- **DATASET EXCERPTS**

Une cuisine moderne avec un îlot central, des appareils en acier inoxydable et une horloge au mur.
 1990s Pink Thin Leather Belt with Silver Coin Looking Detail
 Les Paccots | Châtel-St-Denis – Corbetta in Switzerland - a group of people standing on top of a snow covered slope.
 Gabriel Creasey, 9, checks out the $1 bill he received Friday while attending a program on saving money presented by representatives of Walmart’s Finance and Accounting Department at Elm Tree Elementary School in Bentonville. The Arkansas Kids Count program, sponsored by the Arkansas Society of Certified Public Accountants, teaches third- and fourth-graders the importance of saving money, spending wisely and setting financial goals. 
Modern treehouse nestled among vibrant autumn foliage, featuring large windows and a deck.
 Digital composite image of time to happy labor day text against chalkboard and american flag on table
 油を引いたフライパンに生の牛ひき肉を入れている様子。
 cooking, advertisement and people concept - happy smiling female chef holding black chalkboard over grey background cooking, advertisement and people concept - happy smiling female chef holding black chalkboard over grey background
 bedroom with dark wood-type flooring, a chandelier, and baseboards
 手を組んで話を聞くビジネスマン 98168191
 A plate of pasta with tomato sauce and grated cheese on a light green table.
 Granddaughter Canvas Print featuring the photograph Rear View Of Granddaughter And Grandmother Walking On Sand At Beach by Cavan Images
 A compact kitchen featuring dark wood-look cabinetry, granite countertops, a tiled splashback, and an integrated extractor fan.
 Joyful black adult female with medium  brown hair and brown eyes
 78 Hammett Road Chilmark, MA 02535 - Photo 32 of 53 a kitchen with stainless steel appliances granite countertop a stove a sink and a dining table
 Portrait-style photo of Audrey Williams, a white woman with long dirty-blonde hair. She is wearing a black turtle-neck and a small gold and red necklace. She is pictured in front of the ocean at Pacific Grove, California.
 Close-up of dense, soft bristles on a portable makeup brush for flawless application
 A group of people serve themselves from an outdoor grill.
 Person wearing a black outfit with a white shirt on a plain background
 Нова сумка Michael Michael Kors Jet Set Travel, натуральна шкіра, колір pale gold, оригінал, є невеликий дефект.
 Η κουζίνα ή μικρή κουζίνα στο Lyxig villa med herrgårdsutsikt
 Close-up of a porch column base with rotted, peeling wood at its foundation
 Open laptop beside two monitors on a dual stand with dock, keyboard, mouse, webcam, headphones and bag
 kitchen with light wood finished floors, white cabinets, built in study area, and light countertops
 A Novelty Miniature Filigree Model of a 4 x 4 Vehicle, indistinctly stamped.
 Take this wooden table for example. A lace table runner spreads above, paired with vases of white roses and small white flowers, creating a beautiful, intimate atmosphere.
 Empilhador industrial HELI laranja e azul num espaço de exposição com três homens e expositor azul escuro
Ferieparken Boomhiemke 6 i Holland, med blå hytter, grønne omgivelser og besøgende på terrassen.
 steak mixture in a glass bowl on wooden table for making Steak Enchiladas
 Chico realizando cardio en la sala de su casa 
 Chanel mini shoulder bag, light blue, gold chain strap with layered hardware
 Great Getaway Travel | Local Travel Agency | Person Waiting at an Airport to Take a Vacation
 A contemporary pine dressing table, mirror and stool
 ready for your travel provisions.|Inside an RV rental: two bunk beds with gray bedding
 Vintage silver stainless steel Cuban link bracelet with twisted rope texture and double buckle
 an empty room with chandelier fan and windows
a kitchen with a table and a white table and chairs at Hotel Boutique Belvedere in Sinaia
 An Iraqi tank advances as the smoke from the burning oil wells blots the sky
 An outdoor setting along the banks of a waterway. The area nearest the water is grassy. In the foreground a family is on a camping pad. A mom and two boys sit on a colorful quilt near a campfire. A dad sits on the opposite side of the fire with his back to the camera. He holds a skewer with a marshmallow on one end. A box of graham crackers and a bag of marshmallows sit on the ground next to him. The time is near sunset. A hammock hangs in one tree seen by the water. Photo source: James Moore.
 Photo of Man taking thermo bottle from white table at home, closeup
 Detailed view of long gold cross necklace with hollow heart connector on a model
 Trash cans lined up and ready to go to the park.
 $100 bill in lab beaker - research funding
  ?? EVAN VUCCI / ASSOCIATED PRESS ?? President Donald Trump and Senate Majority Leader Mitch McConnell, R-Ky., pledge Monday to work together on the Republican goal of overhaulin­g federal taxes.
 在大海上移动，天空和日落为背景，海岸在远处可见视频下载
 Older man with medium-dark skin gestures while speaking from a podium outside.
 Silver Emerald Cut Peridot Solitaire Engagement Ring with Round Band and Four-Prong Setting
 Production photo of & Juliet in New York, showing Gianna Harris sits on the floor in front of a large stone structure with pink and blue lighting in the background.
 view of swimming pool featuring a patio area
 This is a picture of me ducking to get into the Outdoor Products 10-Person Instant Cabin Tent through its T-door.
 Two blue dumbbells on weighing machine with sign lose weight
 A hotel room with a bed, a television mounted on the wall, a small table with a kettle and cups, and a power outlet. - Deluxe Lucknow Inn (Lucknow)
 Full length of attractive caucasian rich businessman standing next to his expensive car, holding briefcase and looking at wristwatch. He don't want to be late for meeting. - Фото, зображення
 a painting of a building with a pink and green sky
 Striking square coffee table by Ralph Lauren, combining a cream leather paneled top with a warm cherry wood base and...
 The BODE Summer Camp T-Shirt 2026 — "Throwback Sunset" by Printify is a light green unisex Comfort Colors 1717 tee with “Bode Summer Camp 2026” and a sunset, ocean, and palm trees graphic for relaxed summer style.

- **EXERCISE REQUIREMENTS**
Lines holding "from" are the ones to copy; find all of them in the listing.

- **WRITTEN SOLUTION**
 A group of people serve themselves from an outdoor grill.
 An Iraqi tank advances as the smoke from the burning oil wells blots the sky
 Photo of Man taking thermo bottle from white table at home, closeup
 Older man with medium-dark skin gestures while speaking from a podium outside.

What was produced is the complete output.